Dla porównania powrót pierwszego kosa nad Biebrzę w 2016 r. odnotowano 10 marca. Naukowcy obserwują kosy w Gugnach od 2015 r. Co roku około 20 ptakom zakładane są specjalne małe nadajniki (ważące ok. 2-3 gramy), umożliwiające obserwacje. Kosy w Gugnach są monitorowane w promieniu około 2-3 km od stacji.

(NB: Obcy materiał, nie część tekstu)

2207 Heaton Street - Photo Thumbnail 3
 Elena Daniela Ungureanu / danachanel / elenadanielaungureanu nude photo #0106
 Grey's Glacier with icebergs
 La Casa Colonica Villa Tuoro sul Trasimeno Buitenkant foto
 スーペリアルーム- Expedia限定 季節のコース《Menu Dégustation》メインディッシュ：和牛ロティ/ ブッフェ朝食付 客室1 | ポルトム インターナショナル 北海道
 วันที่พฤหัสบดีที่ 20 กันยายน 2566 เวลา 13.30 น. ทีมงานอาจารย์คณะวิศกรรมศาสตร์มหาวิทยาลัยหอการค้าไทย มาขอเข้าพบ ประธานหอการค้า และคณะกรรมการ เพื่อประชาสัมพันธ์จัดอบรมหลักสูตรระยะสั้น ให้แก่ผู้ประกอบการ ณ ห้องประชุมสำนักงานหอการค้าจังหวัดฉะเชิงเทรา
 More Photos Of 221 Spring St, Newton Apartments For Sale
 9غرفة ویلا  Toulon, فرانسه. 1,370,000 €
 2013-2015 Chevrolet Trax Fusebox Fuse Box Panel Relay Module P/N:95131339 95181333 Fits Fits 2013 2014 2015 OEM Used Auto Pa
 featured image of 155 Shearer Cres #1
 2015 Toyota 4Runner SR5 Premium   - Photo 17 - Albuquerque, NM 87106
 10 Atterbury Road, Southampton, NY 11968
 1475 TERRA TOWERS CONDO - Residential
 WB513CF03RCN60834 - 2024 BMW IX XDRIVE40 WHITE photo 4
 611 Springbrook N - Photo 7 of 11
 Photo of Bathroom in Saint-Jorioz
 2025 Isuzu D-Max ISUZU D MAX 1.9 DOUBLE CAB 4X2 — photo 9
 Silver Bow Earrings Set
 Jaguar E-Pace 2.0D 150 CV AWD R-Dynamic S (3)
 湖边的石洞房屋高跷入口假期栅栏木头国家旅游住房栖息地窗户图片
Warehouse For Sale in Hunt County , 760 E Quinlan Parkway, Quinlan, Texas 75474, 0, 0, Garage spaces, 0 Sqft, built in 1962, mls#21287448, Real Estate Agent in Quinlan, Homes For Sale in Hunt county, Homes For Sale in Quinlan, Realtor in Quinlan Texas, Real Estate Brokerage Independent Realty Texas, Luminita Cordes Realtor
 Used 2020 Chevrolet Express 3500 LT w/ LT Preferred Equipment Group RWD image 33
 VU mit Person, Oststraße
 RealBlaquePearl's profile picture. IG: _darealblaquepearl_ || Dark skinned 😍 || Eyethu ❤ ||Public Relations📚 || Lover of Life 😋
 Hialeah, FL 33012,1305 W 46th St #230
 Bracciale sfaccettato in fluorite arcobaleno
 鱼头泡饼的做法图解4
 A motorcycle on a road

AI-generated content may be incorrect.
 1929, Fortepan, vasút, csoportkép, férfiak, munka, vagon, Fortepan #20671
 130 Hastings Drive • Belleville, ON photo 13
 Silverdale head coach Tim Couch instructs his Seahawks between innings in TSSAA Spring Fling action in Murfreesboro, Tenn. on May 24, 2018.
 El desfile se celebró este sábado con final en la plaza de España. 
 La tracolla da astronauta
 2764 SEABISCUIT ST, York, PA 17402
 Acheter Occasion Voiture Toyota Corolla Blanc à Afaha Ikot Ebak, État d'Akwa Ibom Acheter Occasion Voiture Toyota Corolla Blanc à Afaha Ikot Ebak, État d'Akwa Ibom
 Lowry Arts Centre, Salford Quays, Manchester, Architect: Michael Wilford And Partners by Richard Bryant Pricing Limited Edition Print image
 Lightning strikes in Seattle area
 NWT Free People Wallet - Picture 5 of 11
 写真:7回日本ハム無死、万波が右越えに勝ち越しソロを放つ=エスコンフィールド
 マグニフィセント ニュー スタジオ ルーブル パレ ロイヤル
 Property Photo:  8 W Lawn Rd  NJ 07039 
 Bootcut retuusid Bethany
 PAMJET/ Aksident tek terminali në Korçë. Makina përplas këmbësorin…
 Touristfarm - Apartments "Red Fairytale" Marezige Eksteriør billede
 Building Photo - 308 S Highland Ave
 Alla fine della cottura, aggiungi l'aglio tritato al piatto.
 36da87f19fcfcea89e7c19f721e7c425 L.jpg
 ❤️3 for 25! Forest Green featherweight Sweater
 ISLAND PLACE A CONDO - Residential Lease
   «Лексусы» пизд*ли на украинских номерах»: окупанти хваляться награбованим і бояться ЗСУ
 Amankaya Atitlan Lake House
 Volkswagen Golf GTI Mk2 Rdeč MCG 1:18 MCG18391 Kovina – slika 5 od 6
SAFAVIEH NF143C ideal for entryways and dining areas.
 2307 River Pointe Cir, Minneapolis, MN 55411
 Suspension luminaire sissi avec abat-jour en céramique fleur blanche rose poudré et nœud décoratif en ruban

Podobne międzynarodowe obserwacje prowadzone są w innych krajach, np. w Finlandii, Rosji, Czechach, Niemczech. Projekt koordynuje Instytut Ornitologii Instytutu Maxa Plancka. Instytut jest jedną z najbardziej prestiżowych na świecie placówek prowadzących badania nad migracjami różnych gatunków zwierząt z wykorzystaniem telemetrii - podkreśla Paweł Brzęk.
Kos nie jest rzadkim gatunkiem - to pospolity ptak leśny. Samiec kosa ma czarne pióra, pomarańczowy dziób, samice są koloru ciemnobrązowego. Kosy z północno-wschodniej Europy zimują w cieplejszych europejskich regionach, m.in. w Hiszpanii, w niektórych krajach Afryki Północnej, np. Maroku. - Kosy ogólnie z zimowiska nie pojawiają się w tropikach - mówi dr hab. Paweł Brzęk. Kosy z Europy zachodniej i południowej żyją w osiadłych populacjach, natomiast część ptaków z Europy środkowej odlatuje na zimę, część jednak nie. Naukowcy próbują się dowiedzieć, dlaczego.
Naukowcy badają dlaczego część kosów migruje, a część nie
- Kos to ptak, który ogólnie migruje. Najciekawsze jest to, że różne populacje w Europie przejawiają różny stopień zaawansowania zachowań migracyjnych. Są populacje, które są osiadłe, są takie, które migrują i są takie, w których część osobników migruje, część nie - mówi Brzęk. Naukowcy chcą ustalić, od czego to zjawisko zależy, kiedy to się dzieje, w jakim stopniu zależy to od pogody albo innych czynników.
Wiadomo, że na przestrzeni tysięcy lat zachowania te się zmieniały. - Kosy w ostatnich dwustu latach zaczęły coraz częściej żyć w miastach, coraz bliżej ludzi. Te kosy migrują znacznie rzadziej, albo wolą zimować - mówi Brzęk.
Kosy są małymi ptakami, dlatego brakuje odpowiednich nadajników (z odpowiednio wytrzymałą baterią), które mogłyby działać np. około roku, co pozwoliłoby na bardziej precyzyjne obserwacje. - Mamy nadzieję, że jeszcze w tym roku pojawią się urządzenia, które umożliwią śledzenie kosów non stop, nie tylko w pobliżu Gugien - mówi badacz.
Badania mają potrwać kilka lat. W 2017 r. nadajniki dostanie kolejnych 20 ptaków. Paweł Brzęk podkreśla, że wśród tak małych ptaków, jakimi są kosy, śmiertelność jest wysoka. Z migracji wraca zaledwie około połowy tych ptaków.